They were lowered to "market outperform" from "strong buy" after large-cap banks outperformed the market by almost 10% in the past three weeks. The analysts gave BofA a price target of $29, First Horizon a target of $22, M&T $180 and Regions $17.50. They raised Zions' price target by $2 to $55.

* Piper Jaffray analyst Brett Rabatin downgraded Dallas-based Triumph Bancorp Inc. to "neutral" from "overweight." He raised the price target, however, by $2 to $34.

Rabatin wrote that the stock could have "some additional modest upside ... but not enough" for continued recommendation.

* Sandler O'Neill & Partners' Andrew Liesch lowered Great Southern Bancorp Inc.'s stock rating to "hold" on valuation.

The price target is $59. The Springfield, Mo.-based company's stock had closed at $56.80 on Oct. 5, climbing from Sept. 7's $48 close.

Initiation

* Compass Point now covers Wells Fargo & Co.

Charles Peabody rated the stock "neutral" and gave it a $55 price target.

Peabody expects the company's cost-saving initiatives to show up on the bottom line in the latter half of 2018, and for year-over-year earnings momentum to not pick up until then. The analyst estimates 2017 EPS of $4.11 and 2018 EPS of $4.35.

Vertical Group's Dick Bove, meanwhile, advises caution on the stock.

The company "has done so poorly" since the crisis through 2016, Bove argued.

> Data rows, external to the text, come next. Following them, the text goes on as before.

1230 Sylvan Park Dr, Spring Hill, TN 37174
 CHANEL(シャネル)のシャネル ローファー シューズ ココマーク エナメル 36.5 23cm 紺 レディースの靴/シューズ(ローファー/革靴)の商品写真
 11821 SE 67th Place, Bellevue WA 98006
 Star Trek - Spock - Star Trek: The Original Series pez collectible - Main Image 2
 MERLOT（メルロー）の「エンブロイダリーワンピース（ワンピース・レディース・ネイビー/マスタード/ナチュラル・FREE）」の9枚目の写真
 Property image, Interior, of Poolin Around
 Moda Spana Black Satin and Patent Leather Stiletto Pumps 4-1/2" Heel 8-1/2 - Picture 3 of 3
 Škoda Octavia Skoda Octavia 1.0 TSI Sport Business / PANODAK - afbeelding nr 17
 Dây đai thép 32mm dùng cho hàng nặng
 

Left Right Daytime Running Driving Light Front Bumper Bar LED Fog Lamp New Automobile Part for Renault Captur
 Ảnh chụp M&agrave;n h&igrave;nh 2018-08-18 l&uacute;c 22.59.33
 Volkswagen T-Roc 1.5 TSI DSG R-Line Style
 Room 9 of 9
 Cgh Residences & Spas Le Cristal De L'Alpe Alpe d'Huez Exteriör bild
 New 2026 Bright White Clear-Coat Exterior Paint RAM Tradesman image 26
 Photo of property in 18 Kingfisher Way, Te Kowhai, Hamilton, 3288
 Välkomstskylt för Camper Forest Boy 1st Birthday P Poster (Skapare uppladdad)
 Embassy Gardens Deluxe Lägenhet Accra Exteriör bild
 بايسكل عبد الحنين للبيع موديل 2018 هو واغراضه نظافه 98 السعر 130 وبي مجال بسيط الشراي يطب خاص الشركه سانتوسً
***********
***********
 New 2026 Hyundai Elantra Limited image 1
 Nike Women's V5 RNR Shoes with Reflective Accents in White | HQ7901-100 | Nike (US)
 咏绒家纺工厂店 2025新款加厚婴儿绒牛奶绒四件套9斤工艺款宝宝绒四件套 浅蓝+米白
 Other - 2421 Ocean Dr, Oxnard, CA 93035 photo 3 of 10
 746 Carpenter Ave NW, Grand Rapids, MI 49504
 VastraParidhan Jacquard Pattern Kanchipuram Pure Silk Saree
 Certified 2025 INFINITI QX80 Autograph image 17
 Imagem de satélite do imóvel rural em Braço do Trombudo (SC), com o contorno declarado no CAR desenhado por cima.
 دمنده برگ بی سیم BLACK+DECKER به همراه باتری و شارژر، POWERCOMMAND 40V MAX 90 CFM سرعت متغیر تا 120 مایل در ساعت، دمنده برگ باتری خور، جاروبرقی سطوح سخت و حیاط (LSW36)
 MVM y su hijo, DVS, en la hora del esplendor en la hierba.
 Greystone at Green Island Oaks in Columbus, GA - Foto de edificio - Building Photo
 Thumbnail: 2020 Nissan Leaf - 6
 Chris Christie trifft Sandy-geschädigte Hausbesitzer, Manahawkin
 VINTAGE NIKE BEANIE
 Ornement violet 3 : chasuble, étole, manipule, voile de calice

Net interest margin has "been in free fall" and mortgage banking revenue has roughly halved over the years.

The analyst emphasized that his admonition is not scandal-related, writing that Sloan is "doing a superb job" and that the board is "evolving." The question, Bove said, is whether the new Wells Fargo can still drive revenue higher.

Coverage Assumed

* Over at Piper Jaffray, Nathan Race and Matthew Clark have assumed coverage of five banks: Commerce Bancshares Inc., UMB Financial Corp., Old National Bancorp and First Merchants Corp. at "neutral" and Enterprise Financial Services Corp. at "overweight."

The analysts raised Commerce's target price by $5 to $60 and First Merchants' by $2.50 to $46. Enterprise's price was increased by $1 to $49. UMB and Old National have price targets of $74 and $19, respectively.

Industry report

* Hovde Group analysts looked at online deposit data for seven companies with either branchless banking or a significant online banking presence, and they expect industry-wide pricing pressures to hit those companies the hardest. That said, a growing gap between their rates and those of traditional banks will build pressure on the latter.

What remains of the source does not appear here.